TASK BRIEF: Nothing but the lines below between the line holding "SOMA black no wire vanishing back bra" and the line holding "Rejeki Cilok di Pantai Sawarna", inclusive, should appear in the answer, each set down exactly.

THE INPUT:
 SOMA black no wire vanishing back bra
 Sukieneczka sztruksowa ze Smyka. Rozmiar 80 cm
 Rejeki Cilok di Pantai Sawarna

==

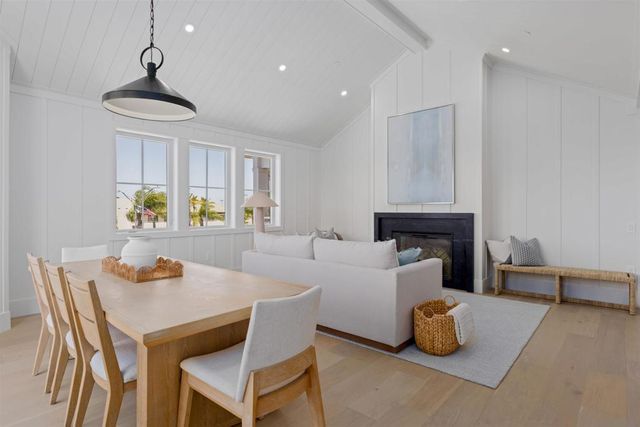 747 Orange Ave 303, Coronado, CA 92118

--

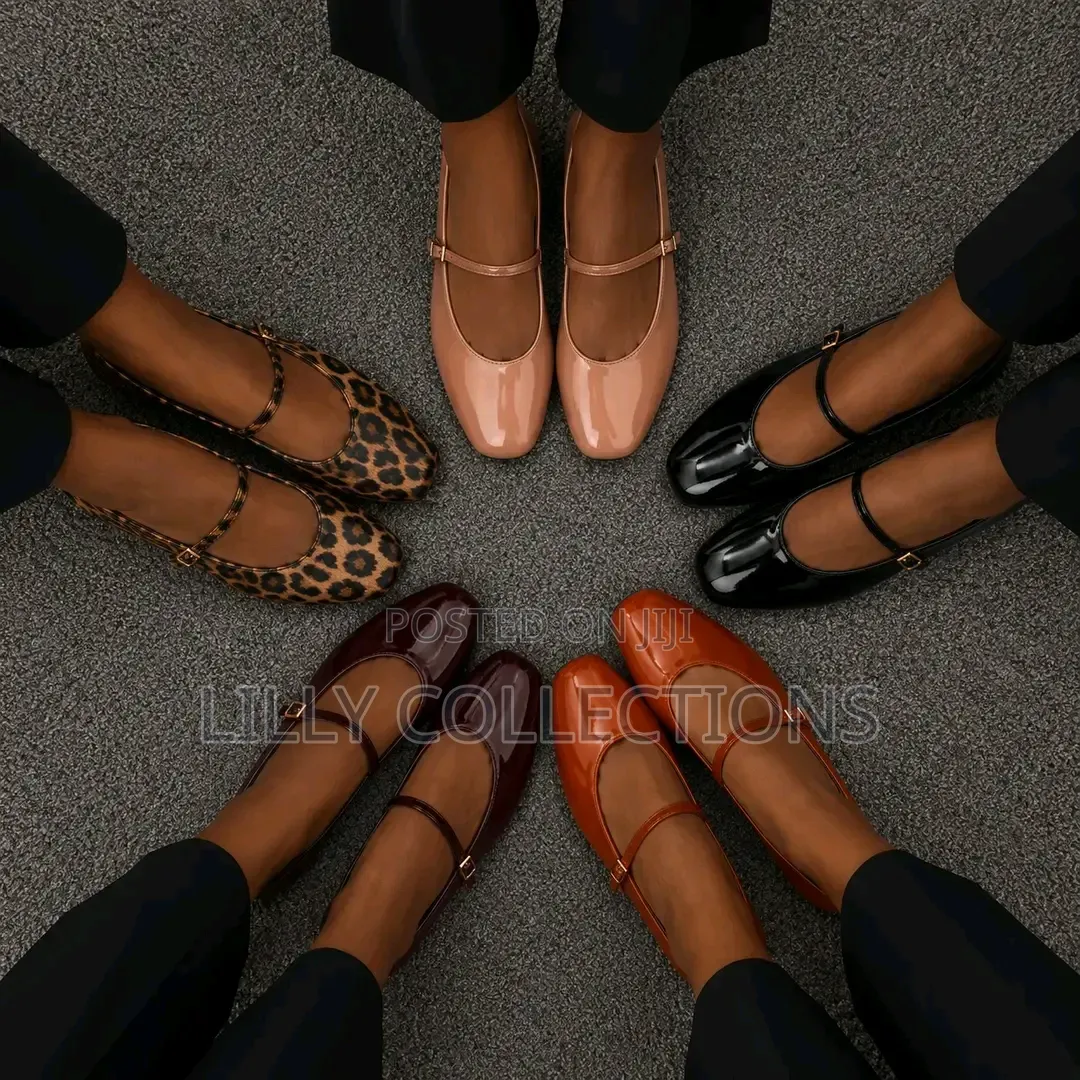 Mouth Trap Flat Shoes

SOLUTION FOR THIS EXERCISE:
 SOMA black no wire vanishing back bra
 Sukieneczka sztruksowa ze Smyka. Rozmiar 80 cm
 Rejeki Cilok di Pantai Sawarna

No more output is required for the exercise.